30# braid with sinker slide and breakaway weight. The weight has wire arms that hold bottom. I shore fish in a very tidal river...2 oz regular but bump up to 3oz when really running. Then swivel to short 30# 1 foot mono leader. Then inline circle hook.
i use a bait runner reel. One addition I learned on line! Used to have to use finger protection or d cut my finger during cast then read about the cannon breakaway. Solved that problem and works like a charm.


----------



## Fletch_W (Sep 22, 2020)

17 Lb Trilene XL
2 oz Egg Sinker (or higher if needed, conditions really drive this)
Bead
#50 Swivel - Palomar Knot
#25 Florocarbon - Reverse Palomar Knot, 5 feet minus tag ends of knots, comes out almost 4 ft when done
3/0 Khale hook (or larger, depends on bait size really), Palomar Knot

Keep the rod tip up when fighting, let the rod tip and the drag do the work.

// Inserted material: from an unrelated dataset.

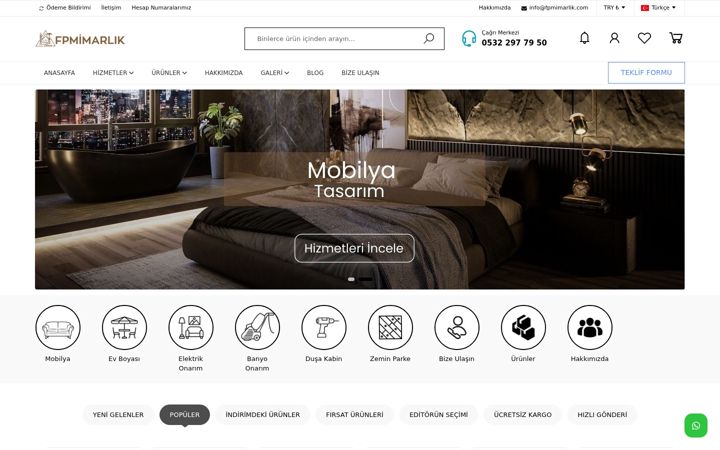 Screenshot of fpmimarlik.com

It's basically the fishfinder/carolina rig.


----------



## sea trout (Sep 22, 2020)

I use about 4 ft of coffee colored braided wire. I do that cause we catch sharks while fishin for the bulls n cows. I guess they like the same food. It's not a heavy braided wire, I forget the poundage, maybe 40 or 50 #. It's not much more than the 30# mono I use I remember that. 6oz egg weight on the coffee wire but i put a bead n a crimp in the middle so the egg weight only stays at the top half of the leader.
Old 2/0 penn senator in working order and any ol medium/heavy weight rod'll work.
This I use from the back of the anchored boat.
Idk about surf fishin for em. You would need heavy shock leader like some mentioned above.... at least for the cast itself


----------



## Silver Bullet (Sep 23, 2020)

I would highly suggest a barbless inline circle hook.  This greatly reduces the chances of deep hooking a fish and it makes unhooking a deep hooked fish much easier when it happens.  We owe it to the fish, especially a fish that is C&R only.  If it was a fish that you could kill to eat, I'd be all about using treble hooks.  
sb


----------



## markmg (Oct 22, 2020)

Ive been using a new rig the DNR provides for FREE, works incredibly well. Literally eliminates gut hooks with the same amount of hookups. These old female drum are essential to the future of our fishery, take care of them and get them back in the water very quickly.
Here is the link to sign up for the rigs. They are super short, about 3-4 inches long with a fixed sinker at one end and a big circle hook at the other. The sinker keeps the hook from being swallowed, shockingly simple really.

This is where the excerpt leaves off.